Justice
by Tom Temple
15 February 2005
The word of the day. Since we have some law types in the readership maybe someone could help me out with it. I have no idea what it means.
When someone is being abnoxious on Xbox live and I kill them in a particularly humiliating fashion, it makes me feel good. Better still, if the other team is being really unsportsman-like and my team wins anyway. I like that too.
I’ve heard it suggested that this gratification comes from my own cowardice to act similarly. Maybe that’s it, but I don’t think so.
I think it is vengeful spite. Somebody get you angry and you enjoy it harm to comes to them. Which brings me to my point. I don’t think “justice” belongs in the “Criminal Justice System”... at least not in the title. When the state is deciding what to do with someone who has broken a rule, I think there are be more pragmatic concerns to be addressed.
What are the goals we want served? We want 1) to deter other people from doing the same thing. And we want 2) the perp’ to have a maximum (positive) impact on society.
It seems to me that public canings are really the way to go with that first one. They seem to put a lot more advertising effort into how stiff the penaltys are nominally rather than publicizing how harshly they are applied to any particular person.

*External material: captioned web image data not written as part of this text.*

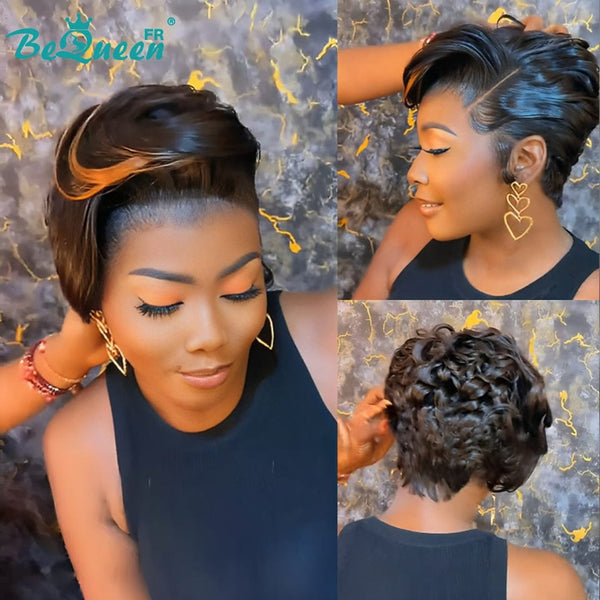 Bequeen Perruque "Chris" Noir mix Marron Light Prêt à porter 100% cheveux humains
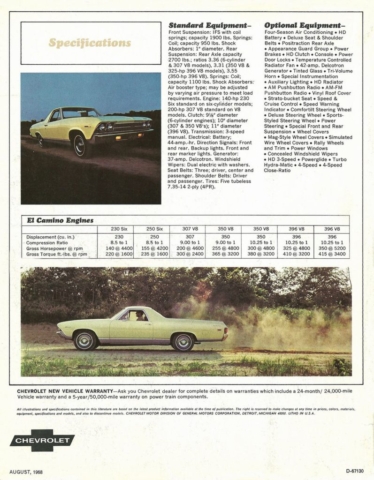 1969 Chevrolet El Camino OEM Brochure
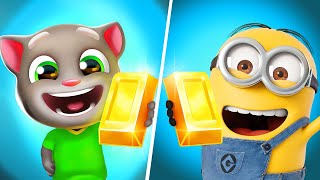 Talking Tom Gold Run  Minion Rush  All Level Gameplay AndroidiOS  BIG NEW APK UPDATE [upl. by Deelaw]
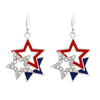 4th of July Red White and Blue USA Stars Dangle Rhinestone Earrings Set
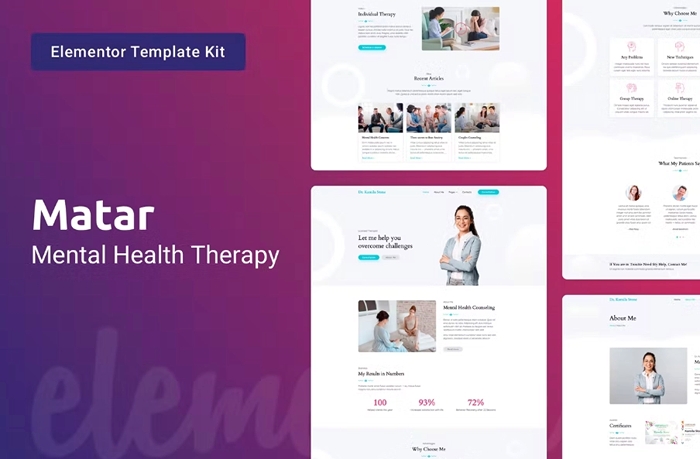 Matar β Mental Health Therapy Elementor Template Kit 1.0.0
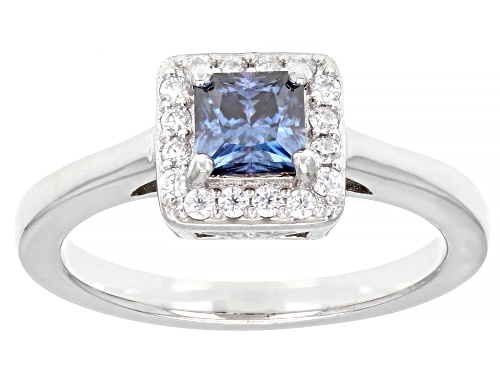 MOISSANITE FIRE® & BLUE MOISSANITE .90CTW DEW PRINCESS CUT & ROUND PLATINEVE® RING - Size 9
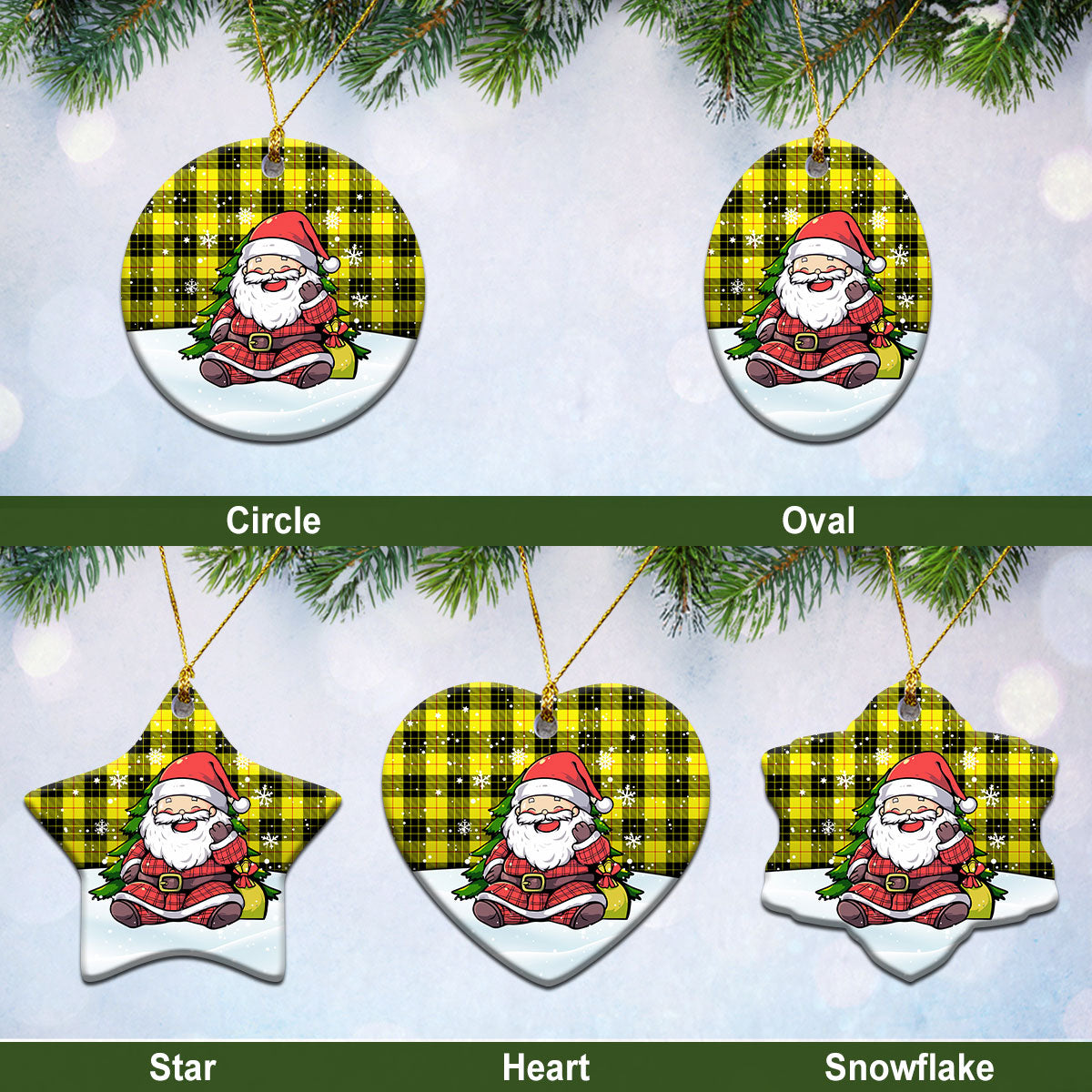 McLeod of Lewis Modern Tartan Christmas Ceramic Ornament - Scottish Santa Style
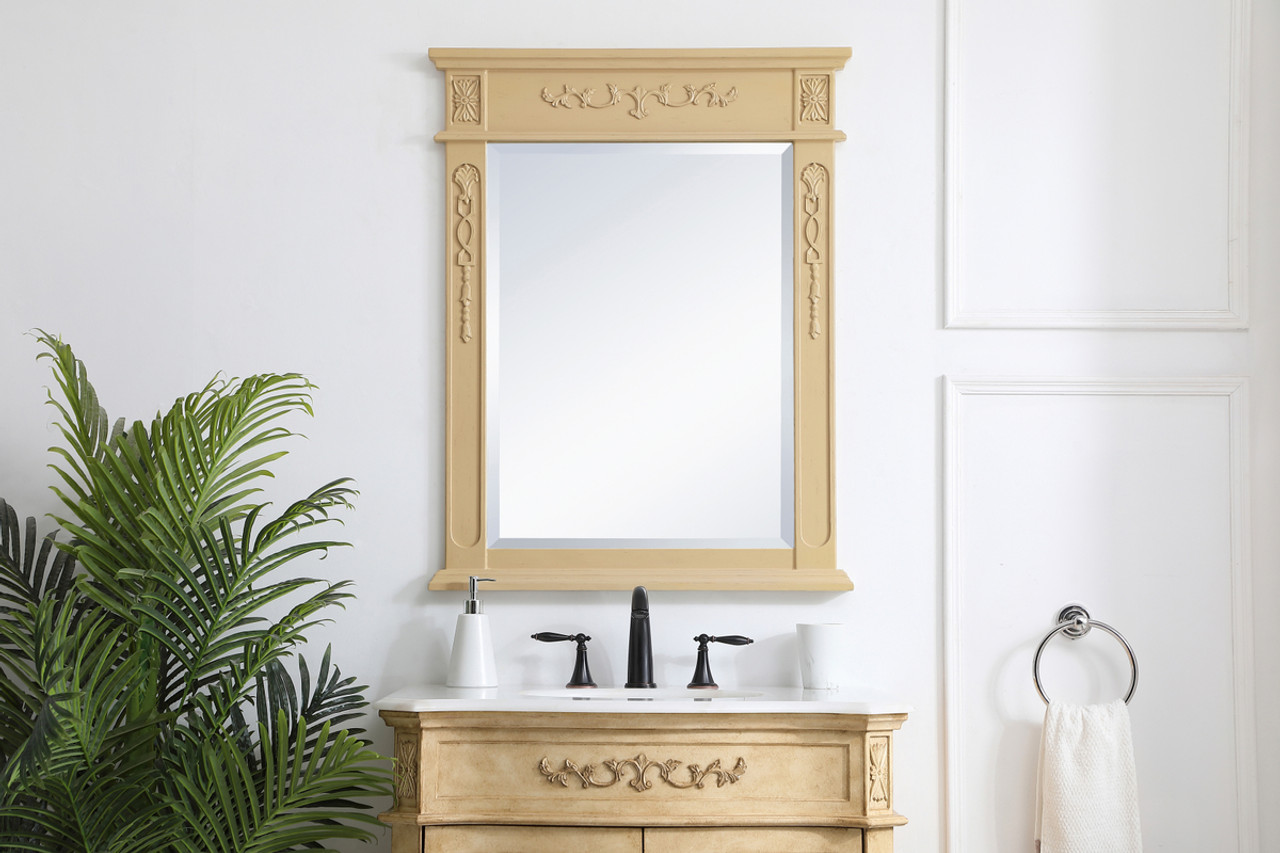 Elegant Decor VM12836LT Wood frame mirror 28 inch x 36 inch in Light Antique Beige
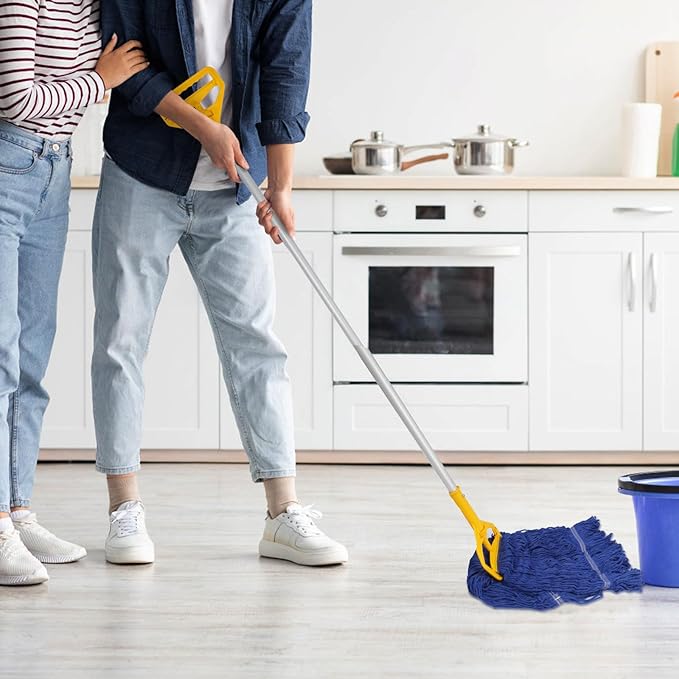 3 Pack Heavy Mop Replacement Head,Commercial Industrial Grade Blue Cotton Ring Heads,Cotton Looped End String Cleaning Mop Refills, Applied to Mop of Clamping Side-Loading Handles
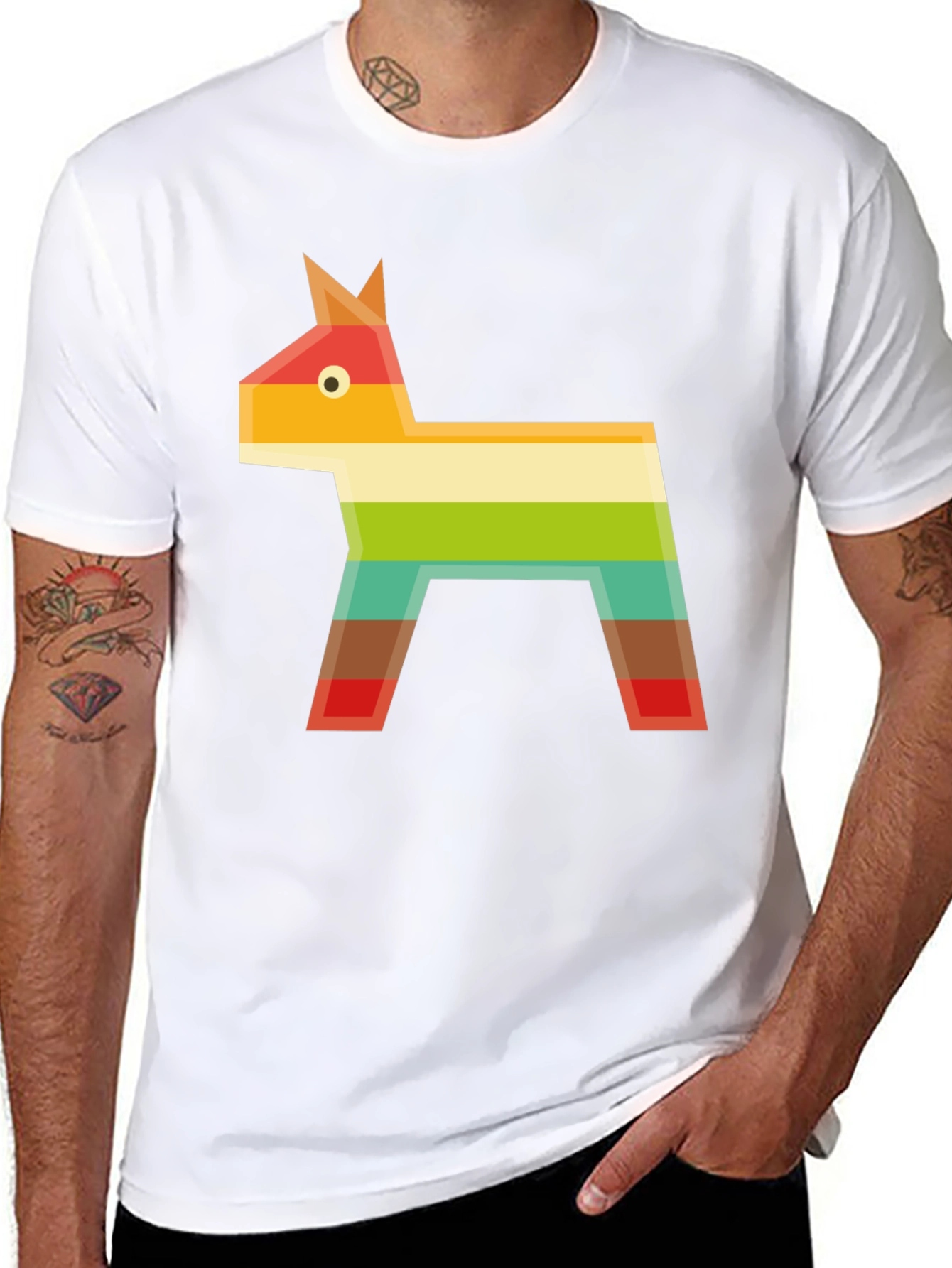 Geometric Piñata Graphic Tee - Black Casual T-Shirt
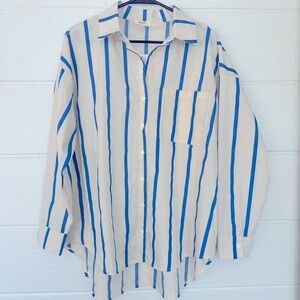 NWT Oversized Snap Button Lightweight Blouse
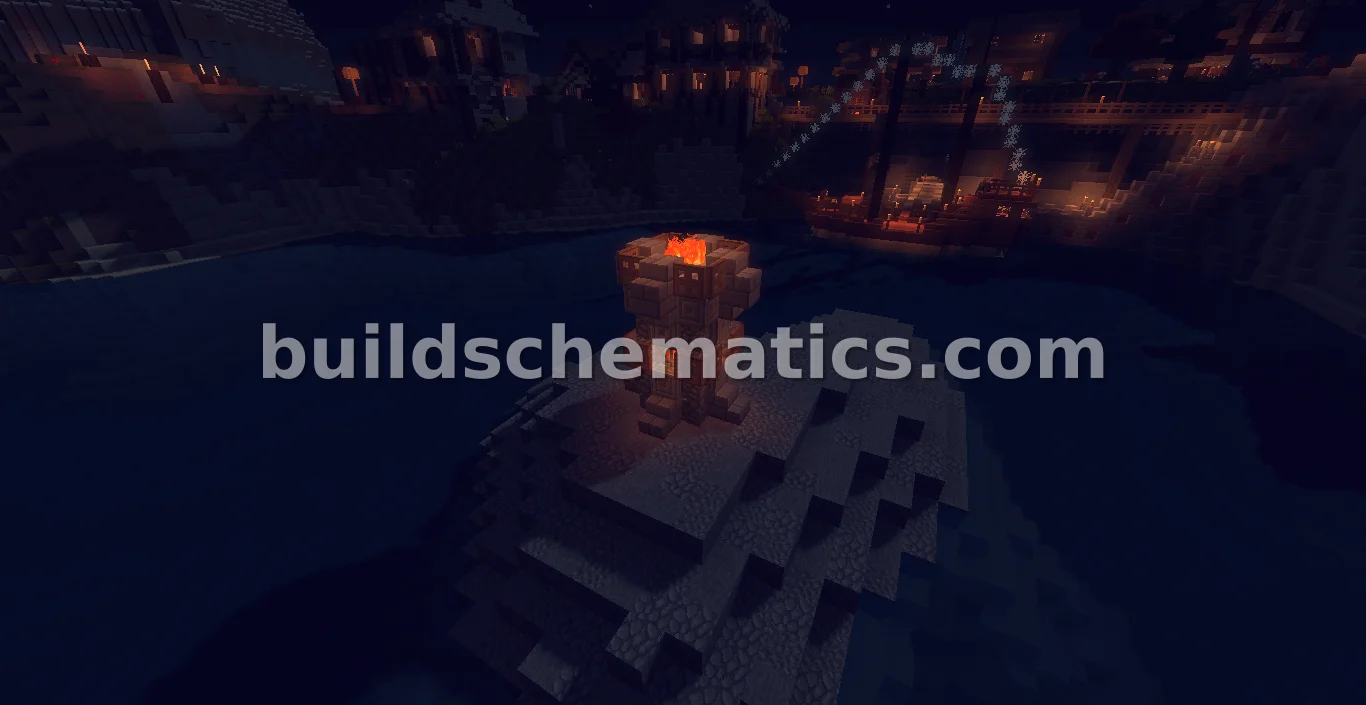 Medieval Torch Tower with Dual Fires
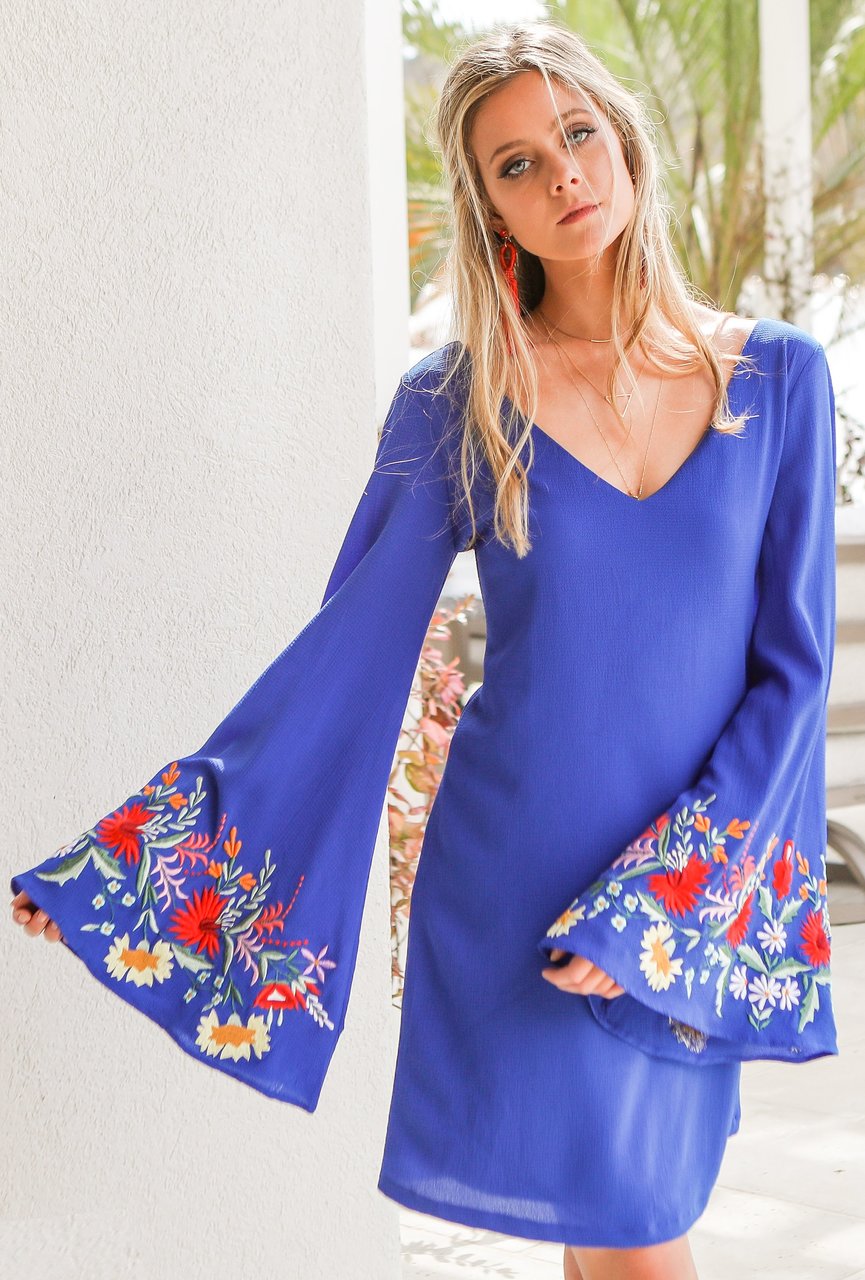 Women's Judith March Dress, Blue V-Neck, Embroidered Bell Sleeve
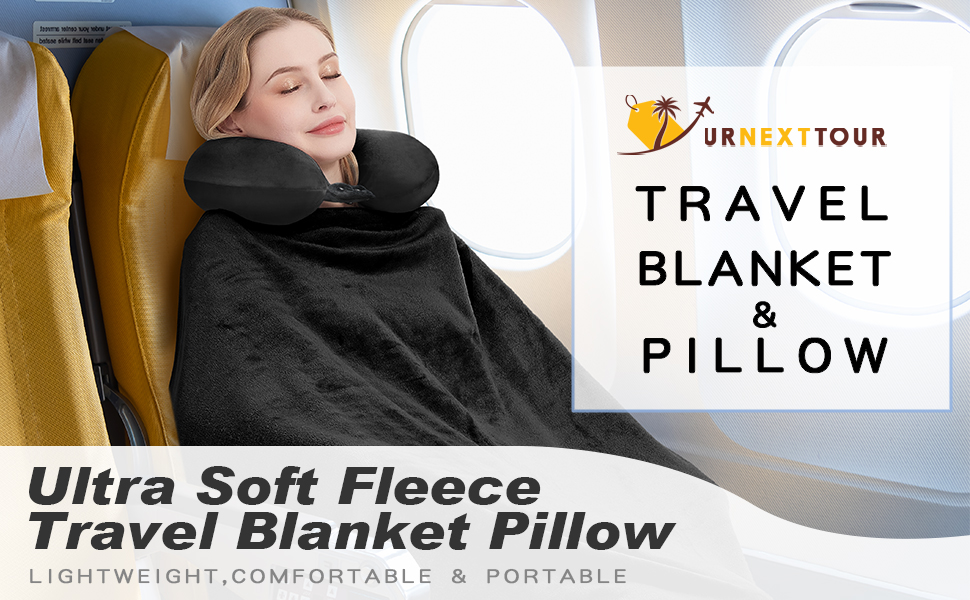 Travel Blanket and Pillow Premium Soft Airplane Blanket with Durable Travel Bag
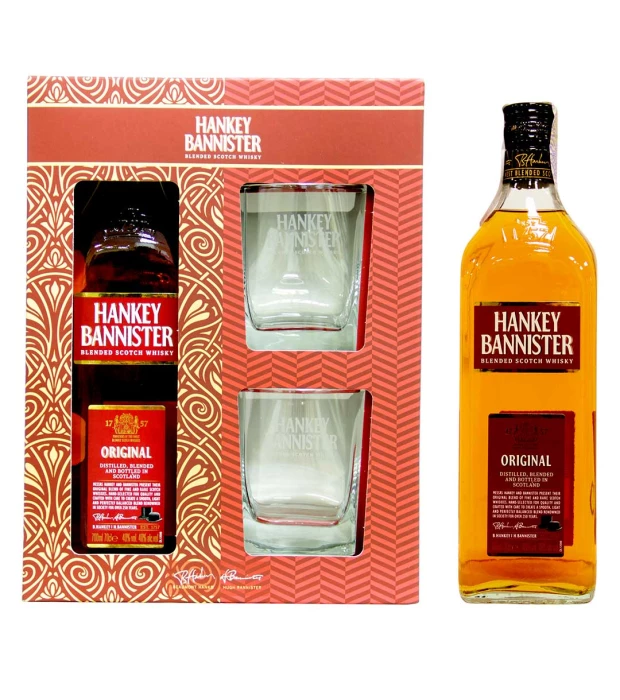 Виски Hankey Bannister 0,7л 40% + 2 брендированных стакана в коробке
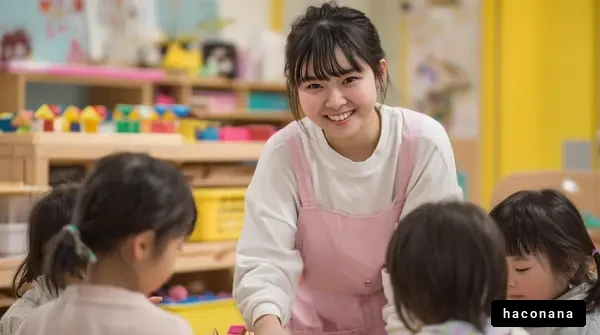子どもと遊ぶ保育士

That part 2) has a lot of aspects. Some people might have their best impact if they just made license plates until they died. Or maybe some we should just kill them right off the bat if they would be lousy license plate makers. Then there is the posibility that someone who would have a negative impact right now is going to change his ways after a while and we should just lock him up until he’s better.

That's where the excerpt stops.